The tool is great, it automatically keeps items in stock. Very nice. Now, the boss asks for automatically generated catalogs of in-stock items. So we modify Process_Request() and add catalog generation.

sub Process_Request {
    my $request = shift;

    if( $request eq REORDER ) {
        Reorder_Items(\@items, \%in_stock);
    }
    if( $request eq CATALOG ) {
        Build_Catalog(\@items, \%in_stock);
    }
    else { 
        Error_Response( ILLEGAL_REQUEST );
    }
}

sub Build_Catalog {
    my $items = shift;
    my $in_stock = shift;

    my $catalog_response = '';
    foreach my $item ( @$items ) {
        $catalog_response .= Catalog_Item($item)
            if $in_stock->{$item};
    }

    return $catalog_response;
}

In testing Build_Catalog() works fine. Hooray, we go live with the app.
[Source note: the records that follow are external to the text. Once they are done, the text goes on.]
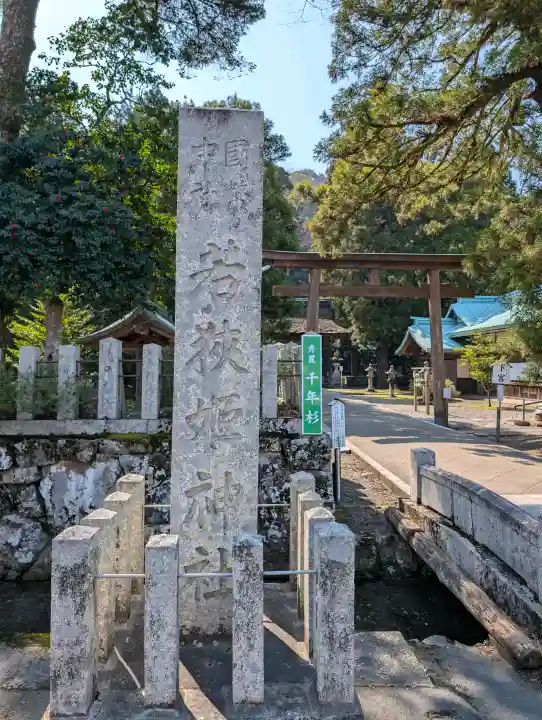 若狭姫神社(若狭彦神社下社)の{uncategorized: "未分類", other: "その他", undefined: "問題あり", building: "その他建物", grave: "お墓", sacred_gate: "鳥居", guardian: "狛犬", statue: "像", buddha: "仏像", history: "歴史", nature: "自然", garden: "庭園", animal: "動物", pagoda: "塔", temizu: "手水舎", mountain_gate: "山門・神門", sanctuary: "本殿・本堂", subordinate: "末社・摂社", art: "芸術", scenery: "景色", jizo: "地蔵", ema: "絵馬", goshuin: "御朱印", omikuji: "おみくじ", items: "授与品その他", amulet: "お守り", goshuincho: "御朱印帳", eats: "食事", festival: "お祭り", votive_dance: "神楽", shichigosan: "七五三参", wedding: "結婚式", experience: "体験その他", initially: "初詣", around: "周辺", anti_infection: "感染症対策"}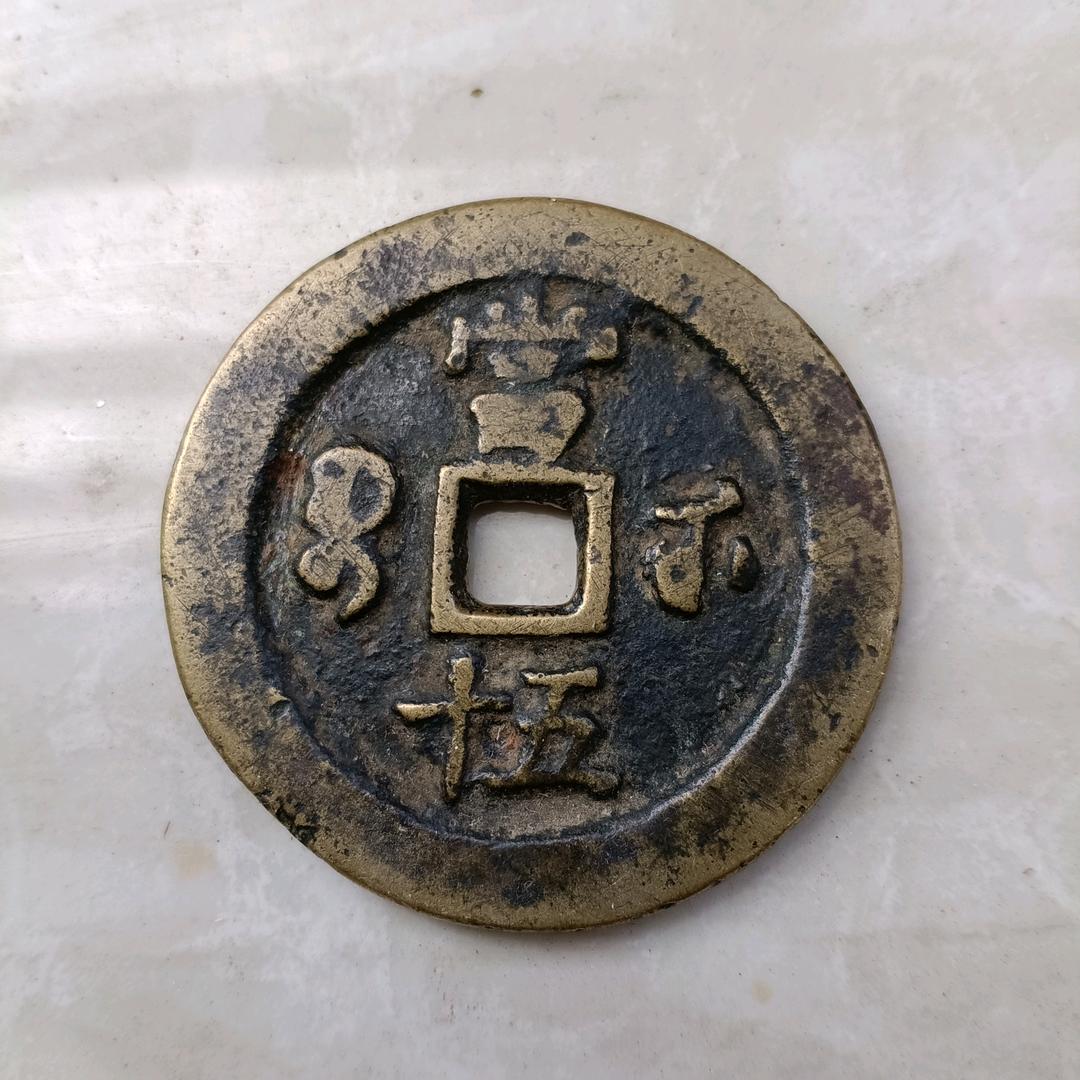人生如梦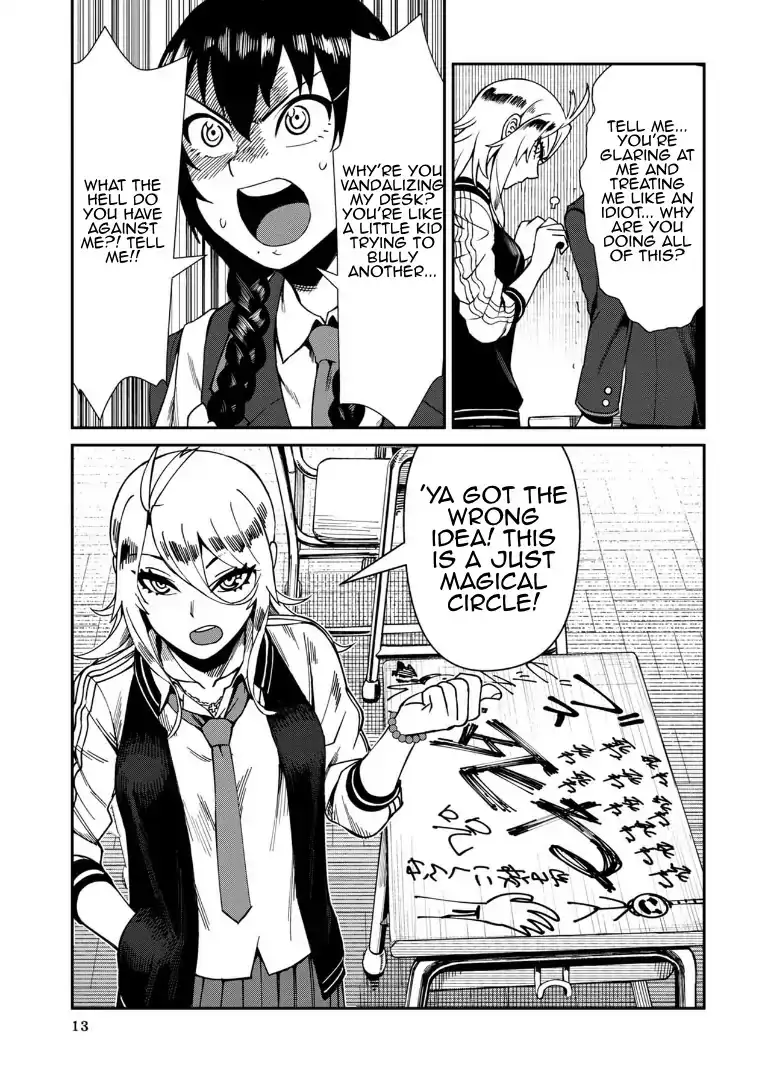 Furyou Taimashi Reina - Chapter 1 Page 13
Oops. For some reason nothing is being ordered, the company runs out of stock of everything.

The Build_Catalog() routine adds keys to the %in_stock, so Reorder_Items() now sees everything as in stock and never makes an order.

Using Hash::Util's lock_hash can help prevent accidental hash modification. If we locked the %in_stock before calling 'Build_Catalog()` we would have gotten a fatal error and would never have gone live with the bug.

In summary, it is best to test existence of keys rather than truth of your set-hash values. If you are using existence as a signifier, don't set your values to '1' because that will mask bugs and make them harder to track. Using lock_hash can help catch these problems.

If you must check for the truth of the values, do so in every case.

daotoad
+1  A: 

Using undef as a value in hash is more memory efficient than storing 1.